Please output the data exactly, minus pictures.
☆ ☆ ☆ ☆ ☆ ☆ ☆
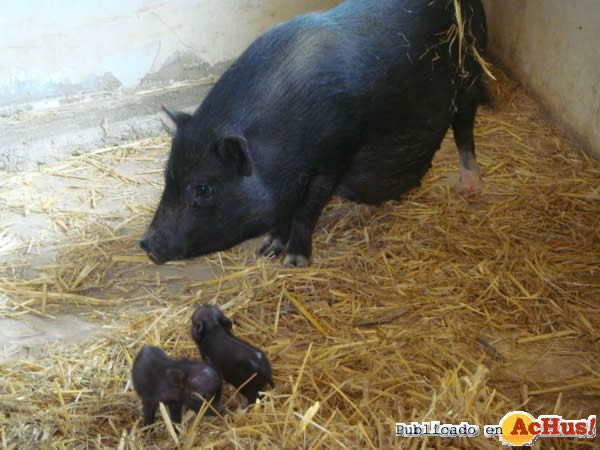 /public/fotos2/Nacimiento-cerdos-vietnamitas-16072012.jpg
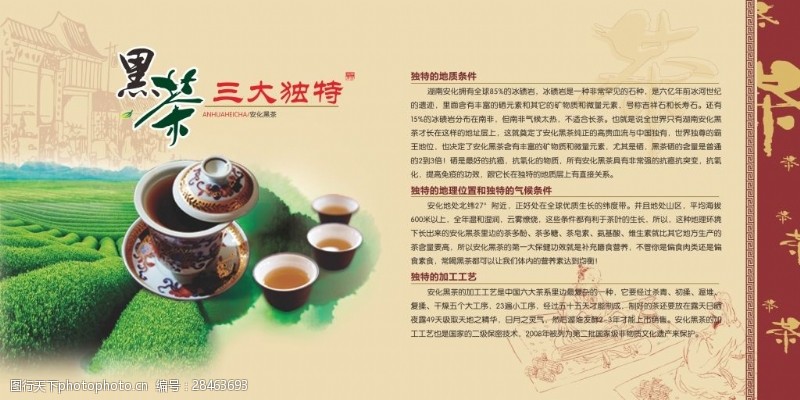 黑茶茶文化简介展板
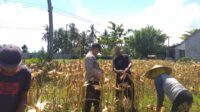 Sinergi Polri dan Petani: Bhabinkamtibmas Desa Kuripan Timur Bantu Panen Jagung Hibrida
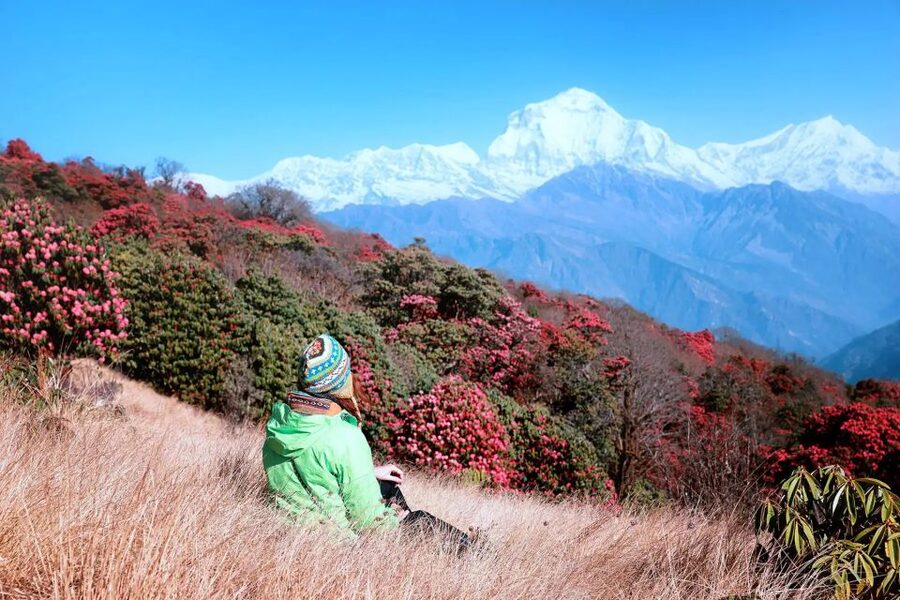 Pokhara: 5-Day Ghorepani and Poon Hill Private Trek - What the $187 price covers, and what it does not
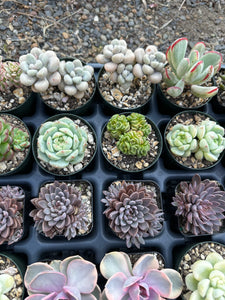 #ER-F34 Assorted 2-2.5” premium succulents. Echeveria, Crested, Crassula, Graptoveria, Sedum, Variegated
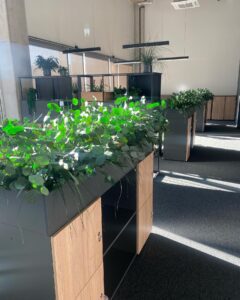 Taimekastid hooldusvabadest säilitatud taimedest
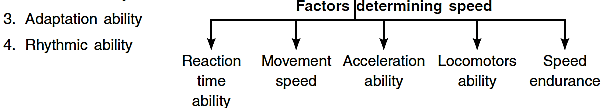 Training in Sports Class 12 Notes Physical Education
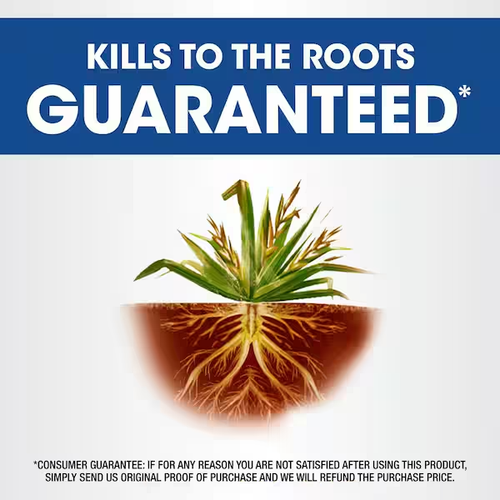 NEW Roundup 24 oz. Ready-to-Use Kills Tough Weeds and Grasses to The Root - Picture 3 of 12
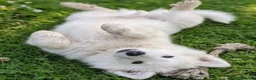 Samoyedo perros en venta: Samoyedo  - Anuncio 1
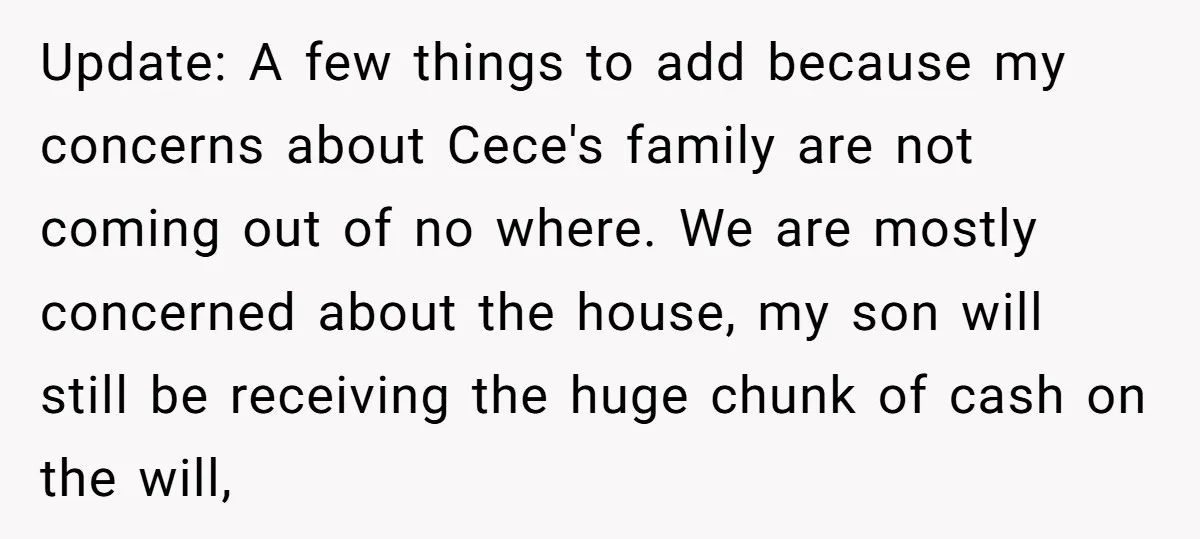 Update: A few things to add because my concerns about Cece's family are not coming out of no where. We are mostly concerned about the house, my son will still...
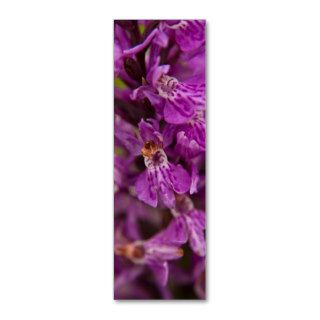 Southern Marsh Orchid Profile Card Business Cards
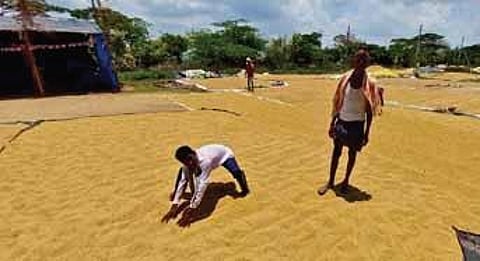 Image used for representational purposes.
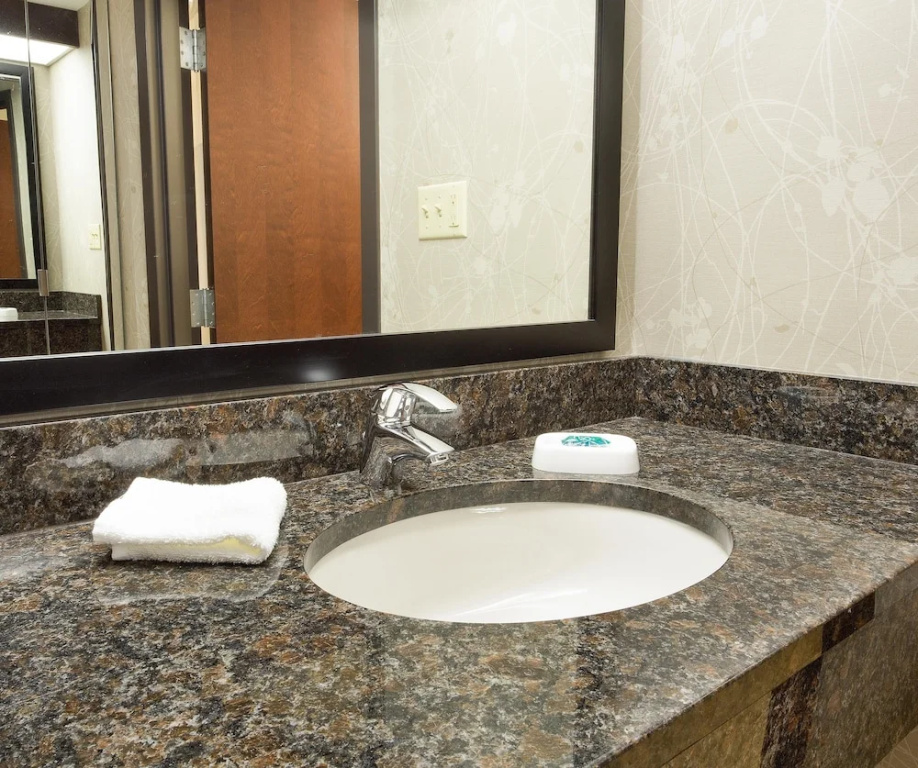 Drury Inn & Suites Greensboro - Chambres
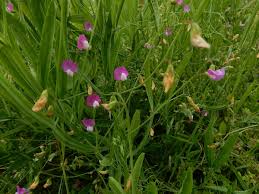 Image result for Lathyrus hirsutus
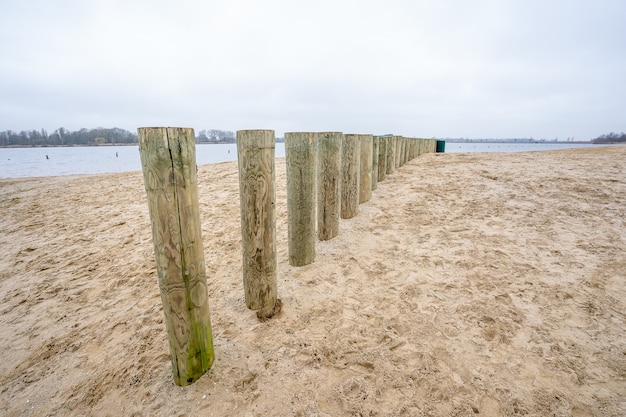 Free Photo high angle shot of wooden breakwater poles on a beach sand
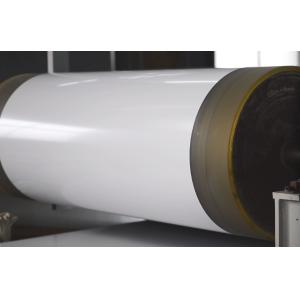 5000 Series Customizable Prepainted Aluminium Coil for Unique Design Possibiliti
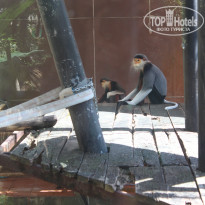 фото из отзыва ID 2123273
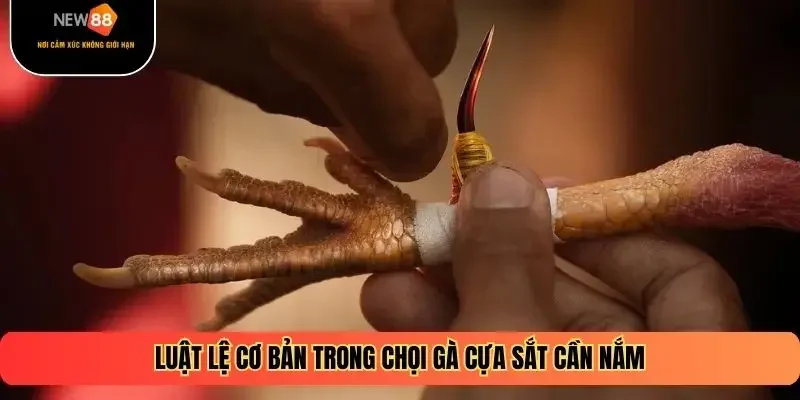 Luật lệ cơ bản trong chọi gà cựa sắt cần nắm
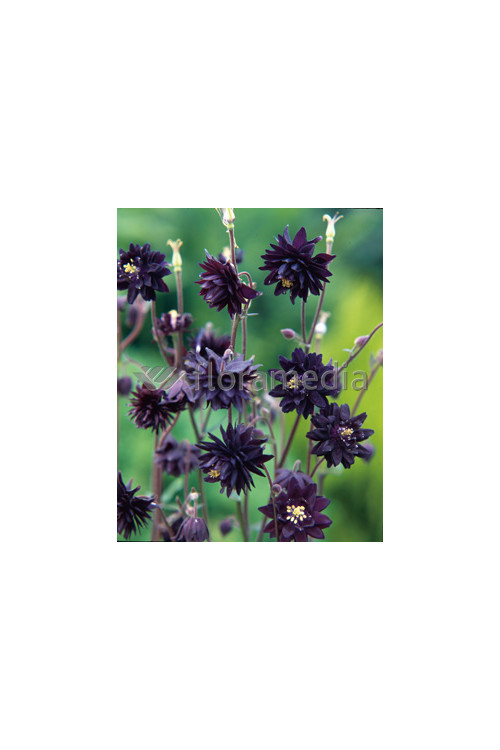 Orlik 'Black Barlow' | Aquilegia hybrida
☆ ☆ ☆ ☆ ☆ ☆ ☆
→ **Task response**:
 /public/fotos2/Nacimiento-cerdos-vietnamitas-16072012.jpg
 黑茶茶文化简介展板
 Sinergi Polri dan Petani: Bhabinkamtibmas Desa Kuripan Timur Bantu Panen Jagung Hibrida
 Pokhara: 5-Day Ghorepani and Poon Hill Private Trek - What the $187 price covers, and what it does not
 #ER-F34 Assorted 2-2.5” premium succulents. Echeveria, Crested, Crassula, Graptoveria, Sedum, Variegated
 Taimekastid hooldusvabadest säilitatud taimedest
 Training in Sports Class 12 Notes Physical Education
 NEW Roundup 24 oz. Ready-to-Use Kills Tough Weeds and Grasses to The Root - Picture 3 of 12
 Samoyedo perros en venta: Samoyedo  - Anuncio 1
 Update: A few things to add because my concerns about Cece's family are not coming out of no where. We are mostly concerned about the house, my son will still...
 Southern Marsh Orchid Profile Card Business Cards
 Image used for representational purposes.
 Drury Inn & Suites Greensboro - Chambres
 Image result for Lathyrus hirsutus
 Free Photo high angle shot of wooden breakwater poles on a beach sand
 5000 Series Customizable Prepainted Aluminium Coil for Unique Design Possibiliti
 фото из отзыва ID 2123273
 Luật lệ cơ bản trong chọi gà cựa sắt cần nắm
 Orlik 'Black Barlow' | Aquilegia hybrida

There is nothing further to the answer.